The path of the UK labour market continues to depend for the most part on what the UK’s furlough scheme; this is the scheme in which the UK government offers to pay a decent proportion of the wages of those who work for businesses that have bee forced shut due to the lockdown, so long as the employer keeps the employee on their payroll. Rishi Sunak is likely to extend the furlough scheme until May when he releases his next budget on 3 March, reported the Times, which ought to keep any sharp rise in unemployment in check until then.
Once the wage support is wound down/withdrawn, ING “suspect that the unemployment rate will rise to around 6-6.5% through the middle of the year, and potentially higher if wage support is removed fairly abruptly in the second quarter.”

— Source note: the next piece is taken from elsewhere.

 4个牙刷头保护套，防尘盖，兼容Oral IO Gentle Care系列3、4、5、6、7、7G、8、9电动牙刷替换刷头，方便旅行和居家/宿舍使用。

Turning to the Euro side of the equations; there have been very little by way of fundamental catalysts aside out of the Eurozone aside from final January Consumer Price Inflation numbers, which came in as expected and in line with the flash estimates released at the end of last month.

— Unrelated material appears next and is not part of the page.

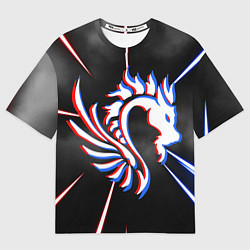 Футболка оверсайз женская Трехцветный неоновый дракон, цвет: 3D-принт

Looking ahead, data will play second fiddle to Bank of England and ECB speak for the rest of the week; Bank of England Chief Economist Andy Haldane is speaking at 07:00GMT on Wednesday ahead of the bank’s Monetary Policy Report hearings at 15:30GMT. Bank of England Deputy Governor Dave Ramsden is then to speak at 12:30GMT on Friday. Meanwhile, ECB Chief Economist Philip Lane is to speak at 10:45GMT on Thursday and his comments will be closely watched after ECB President Christine Lagarde hinted that the bank is closely watching longer-dated nominal bond yields on Monday.